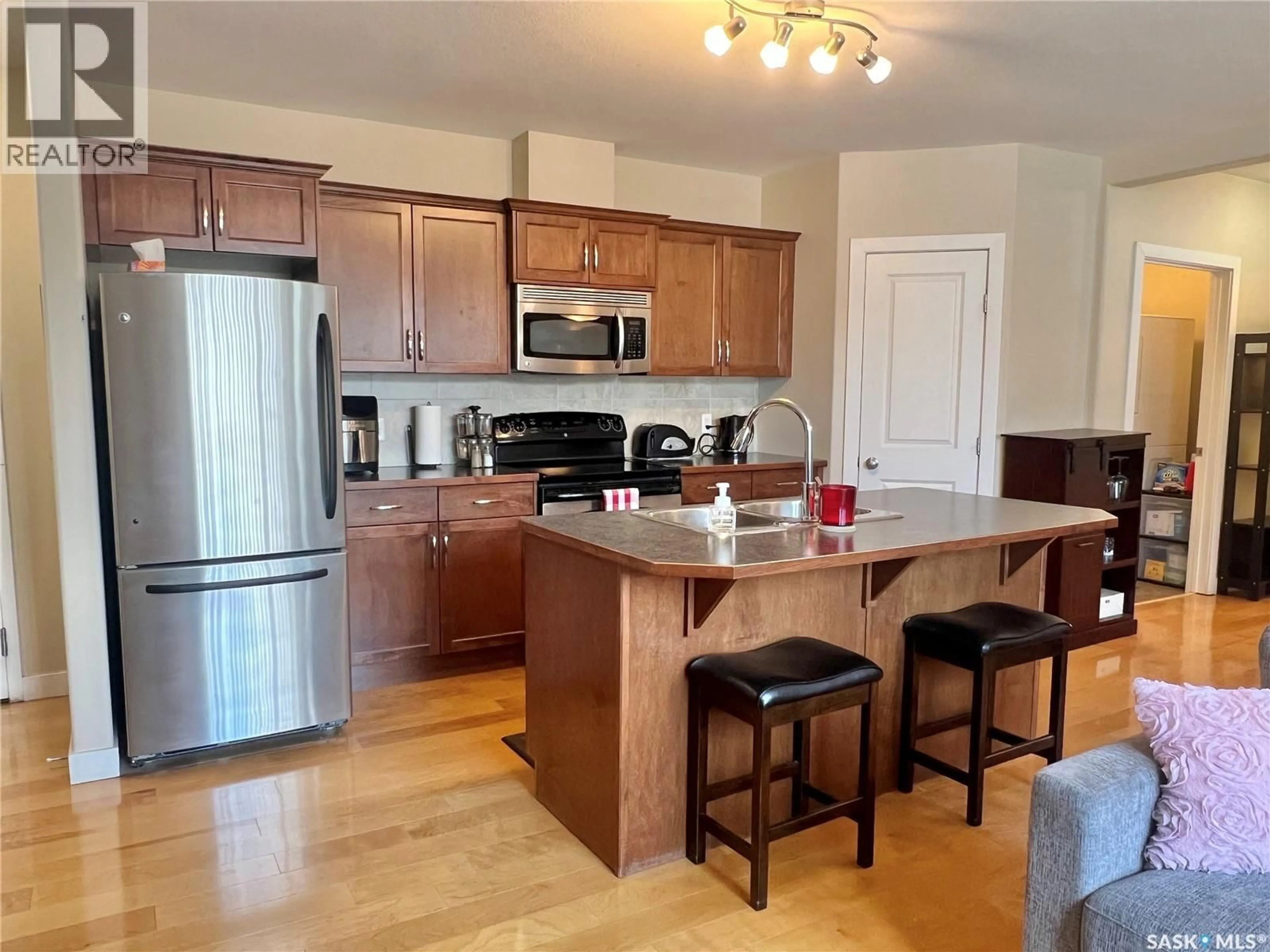 Open concept kitchen, wood/laminate floor for 302 - 114 BEMISTER AVENUE E, Melfort Saskatchewan S0E1A0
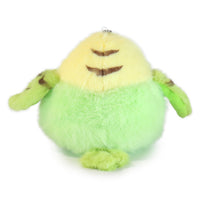 Plush toy resembling a green creature with a yellow face on a white background
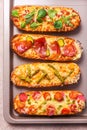 Slices of Pizza on bread with cheese and ingredients such as salami, prosciutto, ham. Flat lay, rustic style Royalty Free Stock Photo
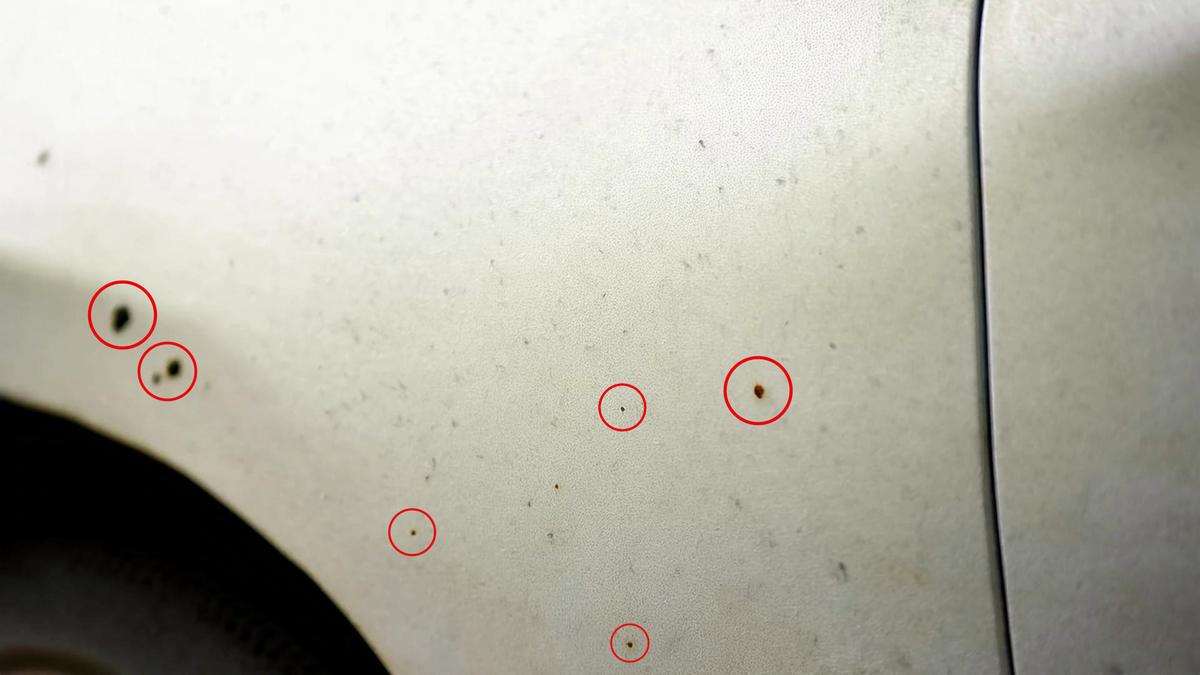 Nærbilde av en hvit bil med mange små rustflekker ofte kalt flyverust.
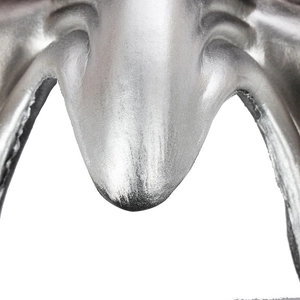 Detailed macro view of a silver mask featuring antique finish and 3D textured surface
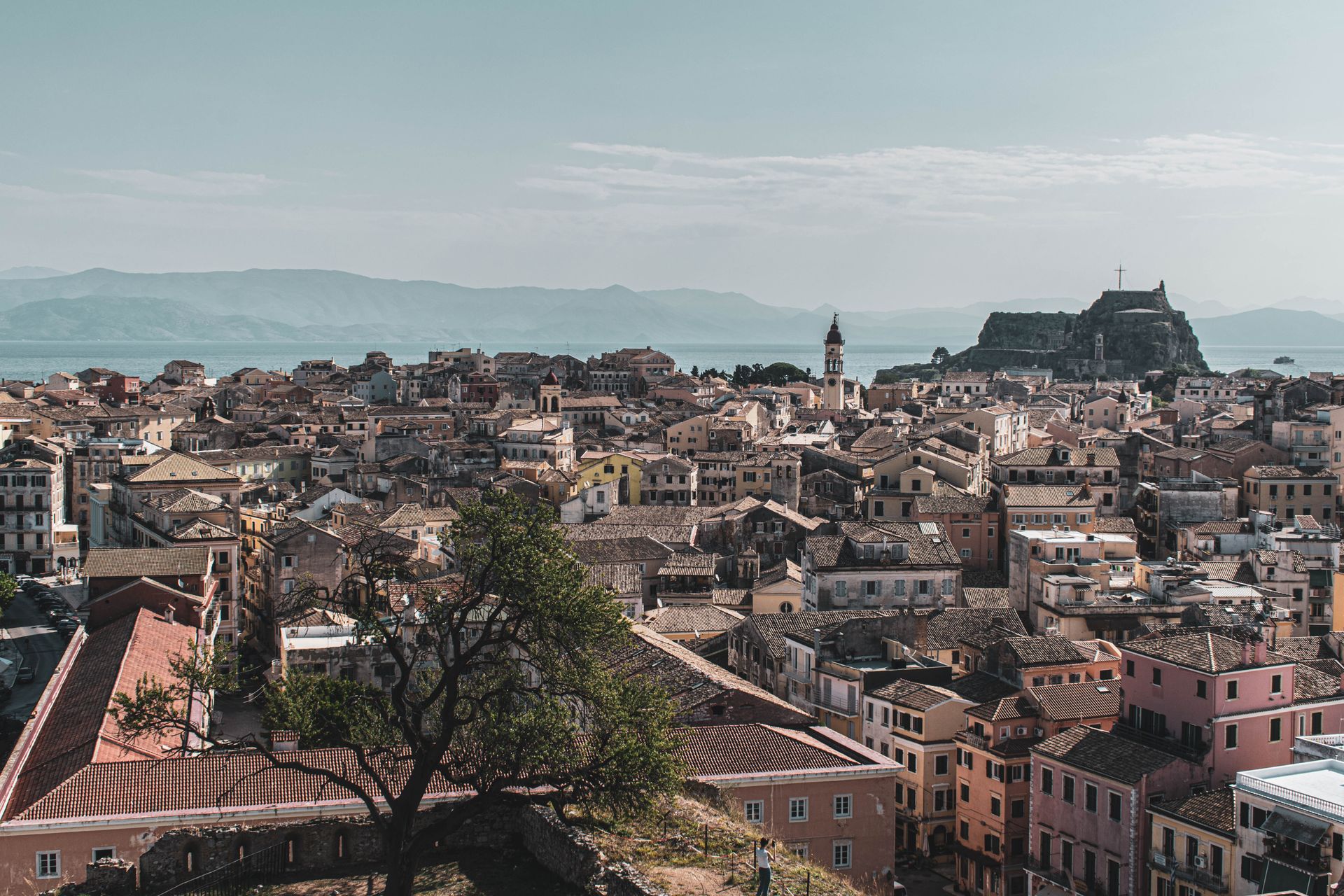 Scenic aerial view of Old Town Corfu with its distinctive fortress and Mediterranean architecture.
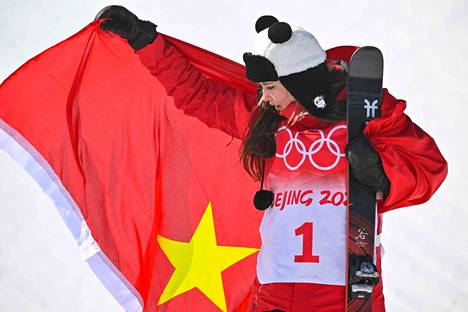 Eileen Gu poseerasi Kiinan lipun kanssa olympialaisissa.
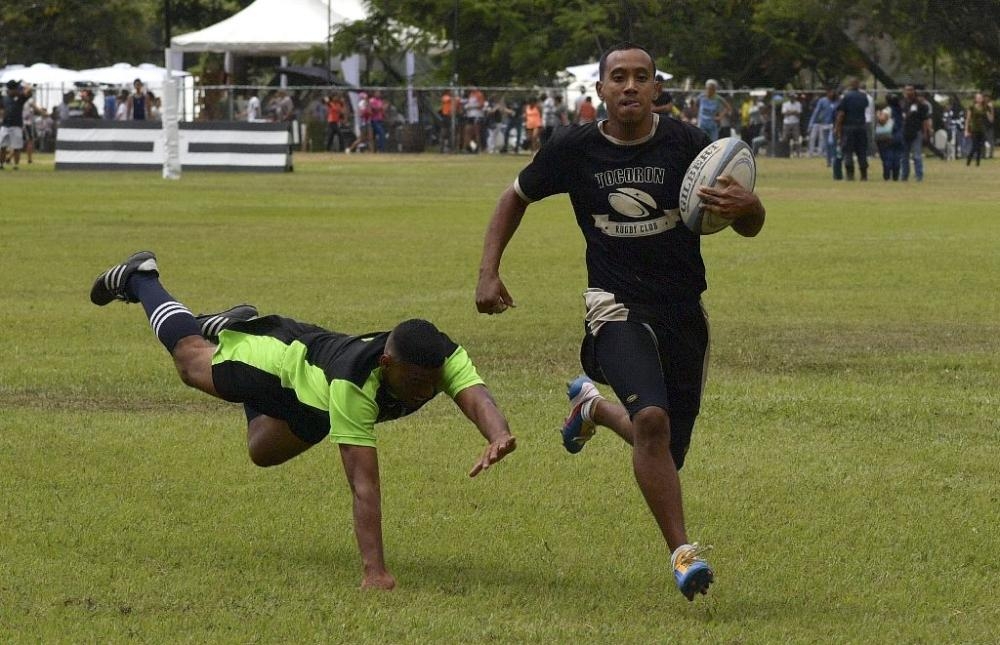 An inmate with the El Tocoron rugby team, right, eludes a prisoner from the rival Centinelas team during the Penitentiary Rugby Tournament in La Victoria, Aragua State, Venezuela, in this file photo. — AFP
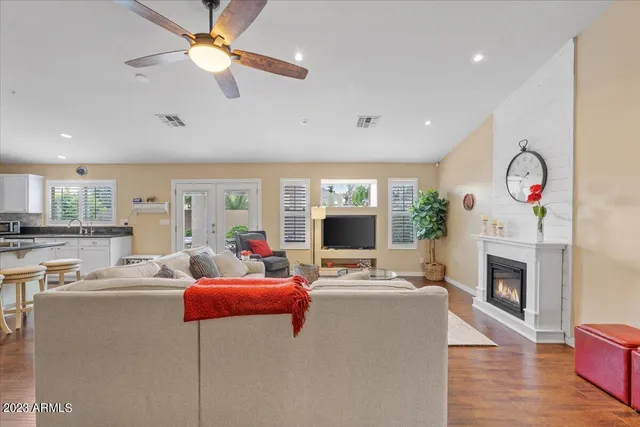 a kitchen with stainless steel appliances granite countertop a stove a refrigerator a sink a dining table and chairs with wooden floor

• **What you will do**
An exact copy of the lines from the line containing "Scenic aerial view" through the final line of the listing, without pictures, is the expected result.

• **Answer below**
 Scenic aerial view of Old Town Corfu with its distinctive fortress and Mediterranean architecture.
 Eileen Gu poseerasi Kiinan lipun kanssa olympialaisissa.
 An inmate with the El Tocoron rugby team, right, eludes a prisoner from the rival Centinelas team during the Penitentiary Rugby Tournament in La Victoria, Aragua State, Venezuela, in this file photo. — AFP
 a kitchen with stainless steel appliances granite countertop a stove a refrigerator a sink a dining table and chairs with wooden floor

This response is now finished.